One of the methods uses two picture generation units (PGUs) and two optical projection systems; for example, one set of the PGU and the optical projection system is installed under the instrument panel; the other set of the PGU and the optical projection system is installed on the ceiling of the cockpit. The two sets of systems respectively generate two virtual images with two different virtual image distances. Another one of the methods uses two PGUs and a single optical projection system, as shown in FIG. 1, wherein PGUs 2 and 3 and an optical projection system 4 are installed under the instrument panel. The two PGUs 2 and 3 generate virtual images with different virtual image distances using different object distances O1 and O2 with respect to the optical projection system 4. The conventional technologies must use a plurality of PGUs to generate a plurality of virtual images with different virtual image distances, which not only raises the cost but also increases the difficulties of installation, system driving, and modulation.
Accordingly, the Inventors proposes the present invention to overcome the abovementioned problems of the conventional technologies.

SUMMARY OF THE INVENTION

The present invention provides an automobile head-up display system, which uses a single picture generation unit (PGU) to generate at least two virtual images with different virtual image distances for supplying the driver with a plurality of pieces of driving information and decreasing the costs of components and assemblage.
In one embodiment, the automobile head-up display system of the present invention comprises a windshield and a display device. The windshield is joined with an automobile body of an automobile and has a surface able to reflect light. The display device includes a PGU and an optical imaging module. The PGU is disposed inside the automobile body and generates a first imaging light and a second imaging light. The optical imaging module is disposed at a light-output side of the PGU and includes at least one plane mirror and at least one first curved mirror, which reflect the first imaging light to the surface of the windshield through a first optical path and reflect the second imaging light to the surface of the windshield through a second optical path to respectively form a first virtual image and a second virtual image. The distance of the first optical path is smaller than the distance of the second optical path.
In one embodiment, the display device of the present invention includes a PGU and an optical imaging module. The PGU is disposed inside an automobile body of an automobile and generates a first imaging light and a second imaging light. The optical imaging module is disposed at a light-output side of the PGU and includes at least one plane mirror and at least one first curved mirror, which reflect the first imaging light to the surface of the windshield through a first optical path and reflect the second imaging light to the surface of the windshield through a second optical path to respectively form a first virtual image and a second virtual image. The distance of the first optical path is smaller than the distance of the second optical path.
Below, embodiments are described in detail in cooperation with the attached drawings to make easily understood the objectives, technical contents, characteristics and accomplishments of the present invention.
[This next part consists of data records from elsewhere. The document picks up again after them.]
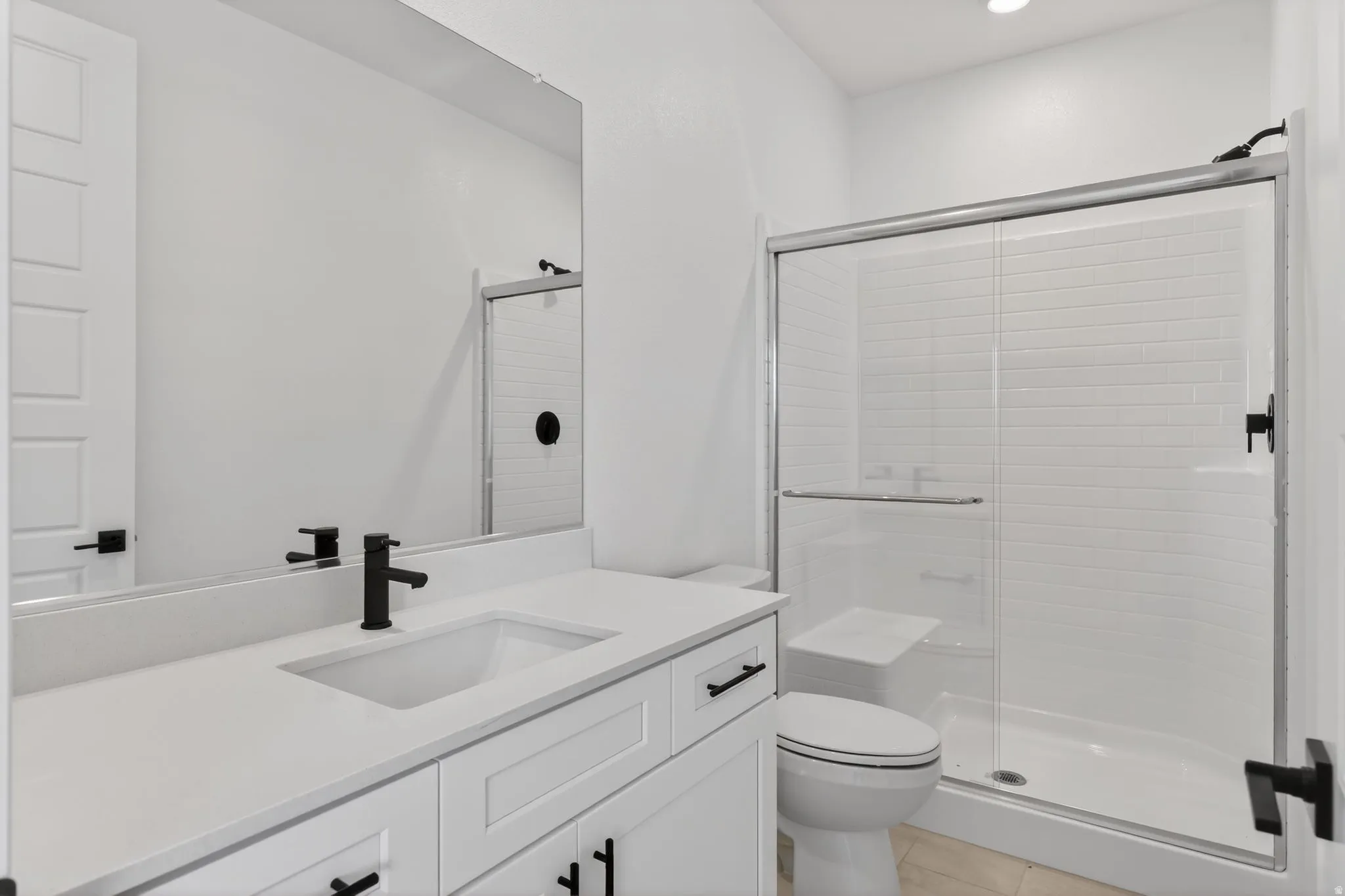 Full bath with vanity, a stall shower, light tile patterned floors, and recessed lighting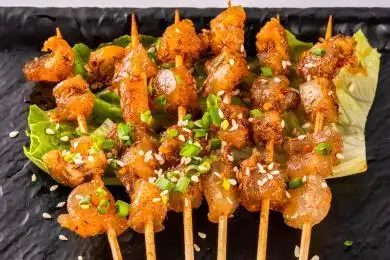 黑色盘里一串串的烧烤牛筋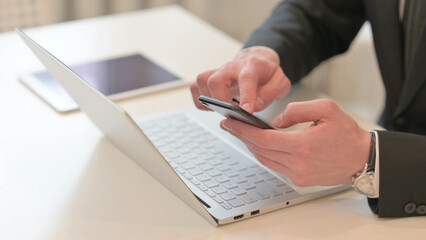 Close up of Middle Aged Businessman having Online Payment on Smartphone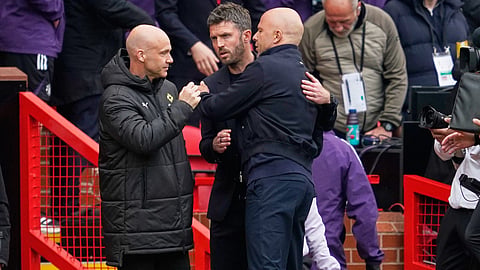Liverpool's manager Arne Slot, centre right, greets Manchester United's head coach Michael Carrick ahead of the English Premier League soccer match between Manchester United and Liverpool in Manchester, England, Sunday, May 3, 2026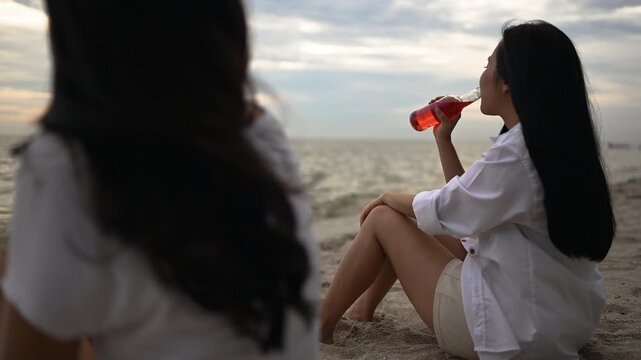 Two women sit together on a sandy shore with an ocean view and cloudy evening sky. The two women rest directly on the sand with bent or extended legs as small waves meet the beach in front of them.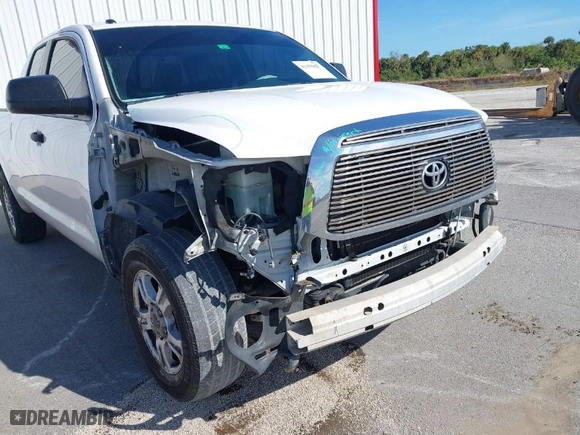 2012 Toyota Tundra 2WD Truck with VIN 5TFRM5F15CX040210, listed as a IAAI auction lot 41395621 with 161,128 mi miles. Bid and sale history available at carsss.com. Image 6.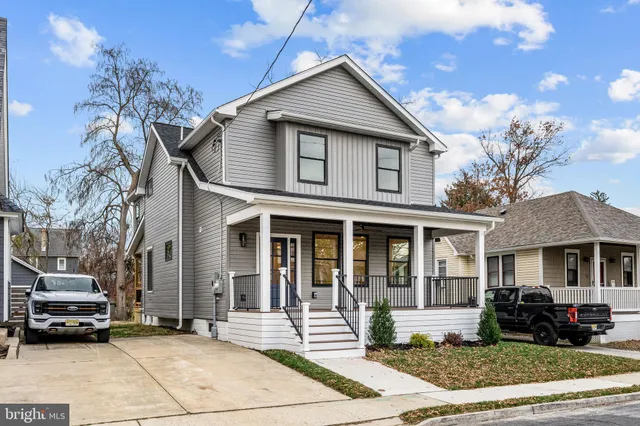 a view of a white house with a small yard and large trees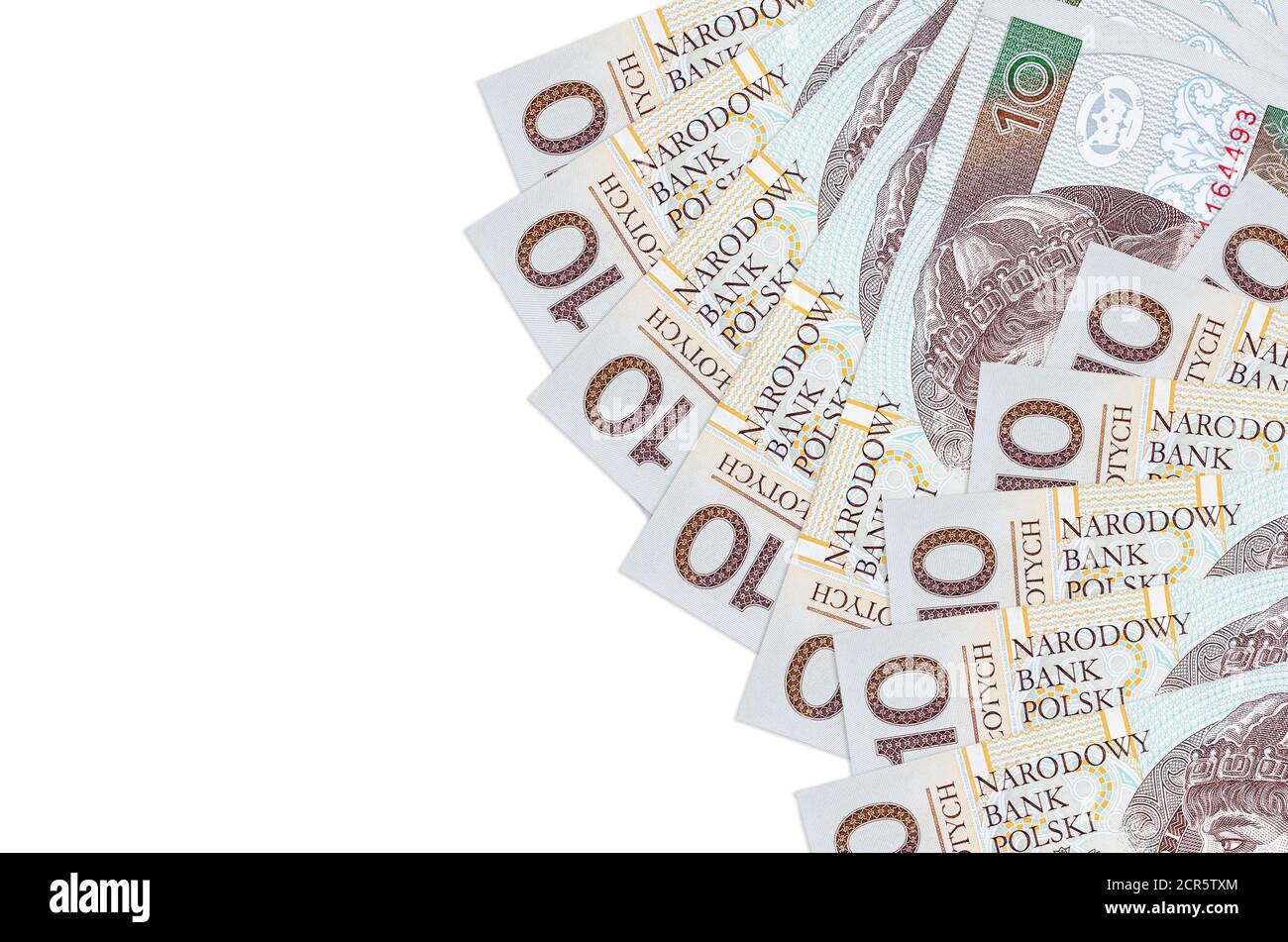 10 les billets de zloty polonais sont isolés sur fond blanc avec espace de copie. Fond conceptuel riche de la vie. Grande quantité de richesse en monnaie nationale Banque D'Images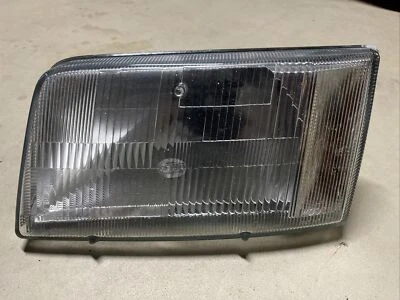Faro delantero izquierdo conductor Audi 100 91-94 C4 Hella V6 OEM Foto 1 de 4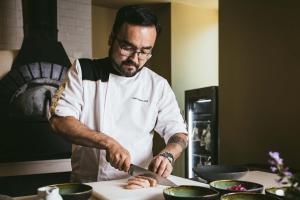 a man in a kitchen preparing food on a cutting board at Octant Furnas in Furnas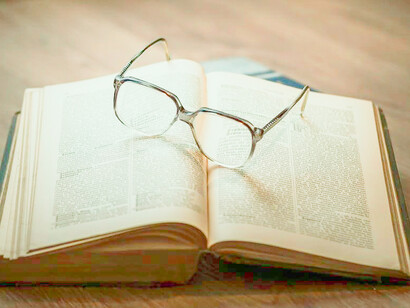 Glasses resting on an open book. We have to organize our knowledge into a definite plan of action and directing it to a definite end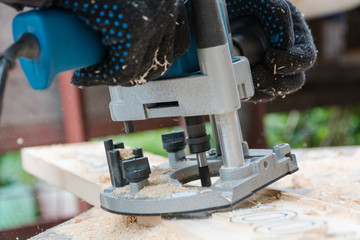 milling-machine wood. The man mills a tree.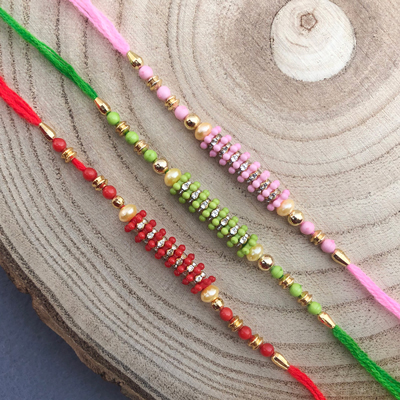 woolen thread pink, green, Red Dora Rakhi combo of 3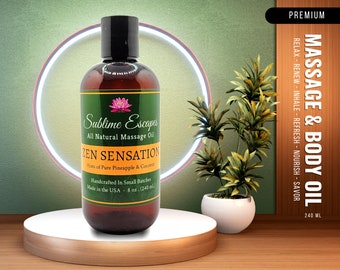 May include: A brown glass bottle of Sublime Escapes Zen Sensation all natural massage oil with hints of pure pineapple and coconut. The bottle is labeled with a pink lotus flower and the text "Handcrafted in Small Batches. Made in the USA - 8 oz. (240 ml)".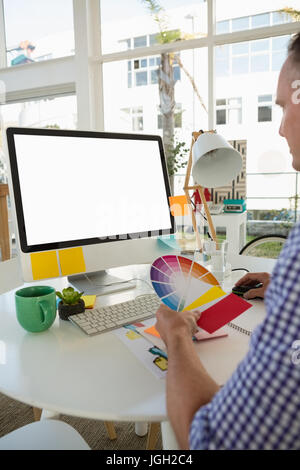 Designer holding color swatch while sitting at desk in office Banque D'Images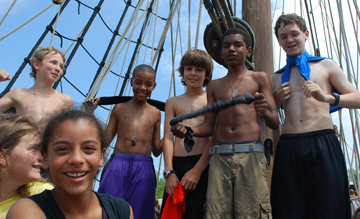 Abby, Alanna, Nick, Tahari, Matt G., Jason, and Jack relax on the fore deck.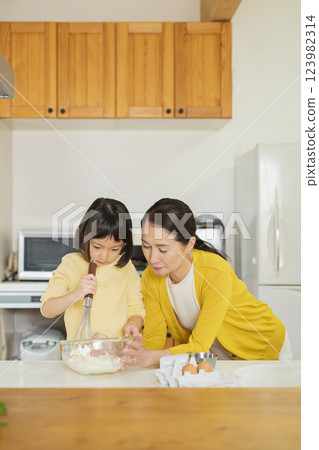 Grandmother and grandson cooking 123982314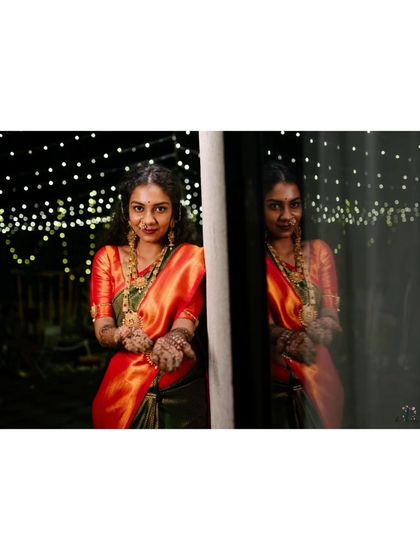 A creative portrait of the bride by a window at night, her reflection creating a moody and artistic effect.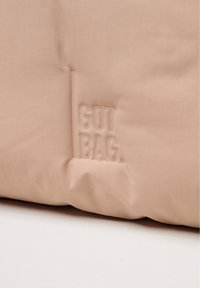 Borsa in tessuto rosa con texture liscia, caratterizzata da un logo in rilievo "GOT BAG" su un lato. Design minimalista con bordi morbidi.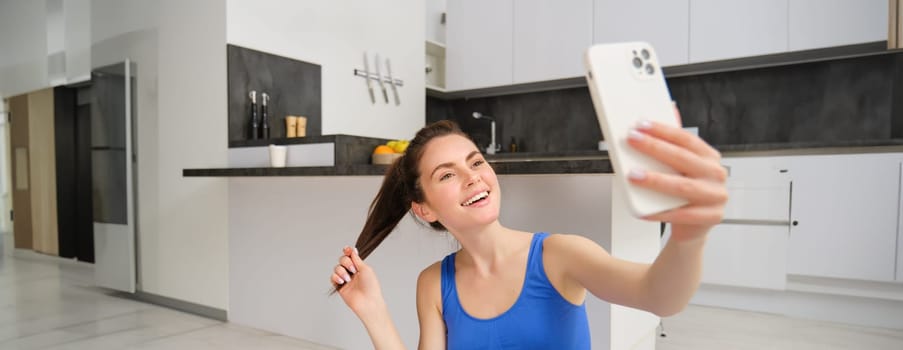 Close up portrait of young sporty woman, fitness girl takes selfie at home while doing her workout, posing on yoga mat, holds smartphone and smiles.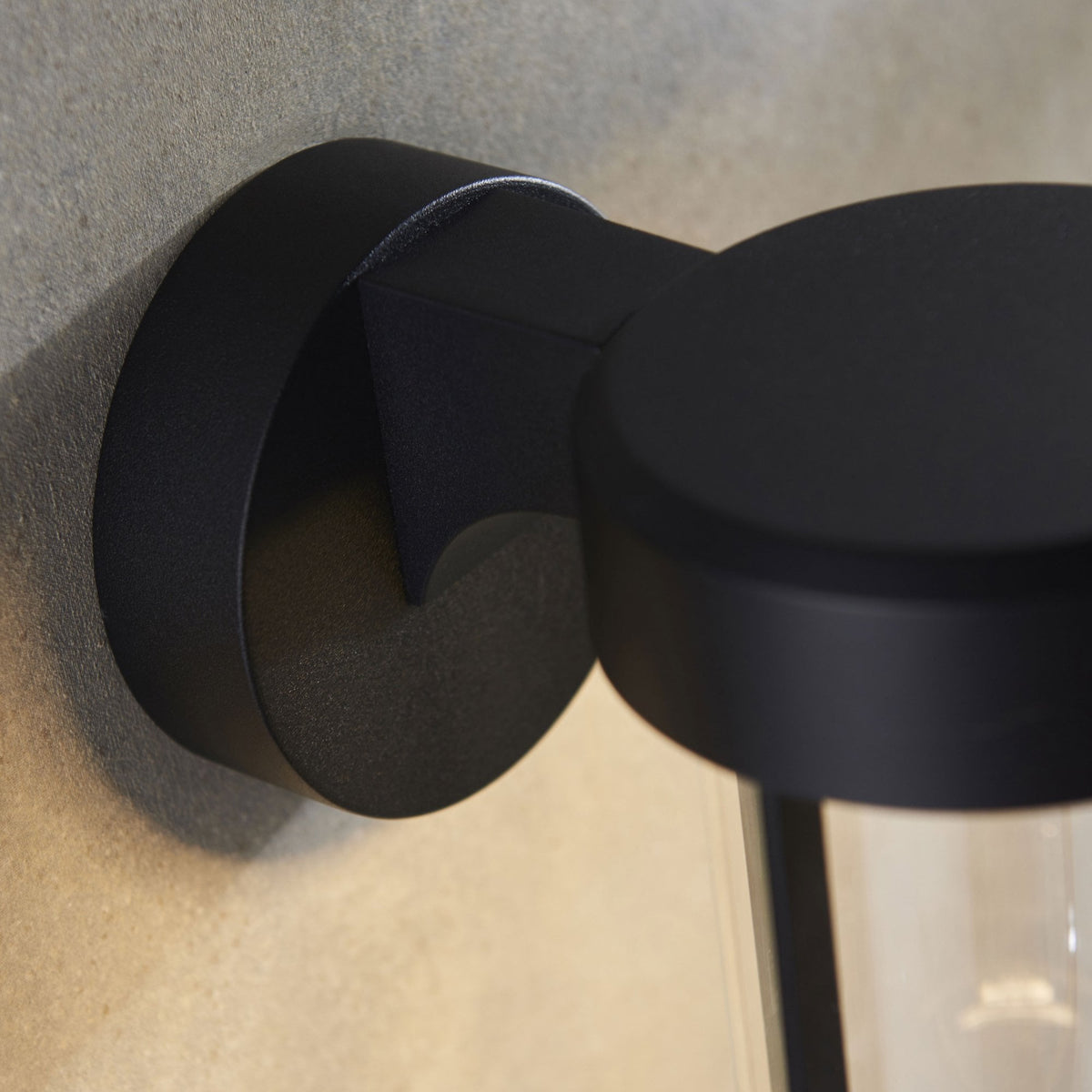A close-up of the matte black finish of the wall sconce's base and top cap, highlighting its texture.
BRIEF DESCRIPTION OF THE DRAWINGS

The foregoing conceptions and their accompanying advantages of this invention will become more readily appreciated after being better understood by referring to the following detailed description, in conjunction with the accompanying drawings, wherein:

FIG. 1 is a diagram schematically showing a conventional automobile head-up display system;

FIG. 2 is a diagram schematically showing a display device and an automobile head-up display system using the same according to one embodiment of the present invention;

FIG. 3 is a diagram schematically showing a picture generation unit (PGU) according to one embodiment of the present invention;

FIG. 4 is a diagram schematically showing a display device and an automobile head-up display system using the same according to another embodiment of the present invention;

FIG. 5 is a diagram schematically showing a display device and an automobile head-up display system using the same according to yet another embodiment of the present invention;

FIG. 6 is a diagram schematically showing a display device and an automobile head-up display system using the same according to still another embodiment of the present invention;

FIG. 7 is a diagram schematically showing the field of view (FOV) according to one embodiment of the present invention;

FIG. 8a and FIG. 8b are diagrams respectively schematically showing the optical paths of two display regions of a display device and an automobile head-up display system using the same according to one embodiment of the present invention;

FIG. 9a and FIG. 9b are diagrams respectively showing the imaging simulations of the grid patterns of the first display region and the second display region according to one embodiment of the present invention;

FIG. 10a and FIG. 10b are diagrams respectively showing the modulation transfer function (MTF) at the cut-off frequency of different fields of the first display region and the modulation transfer function (MTF) at the cut-off frequency of the fields of the second display region according to one embodiment of the present invention.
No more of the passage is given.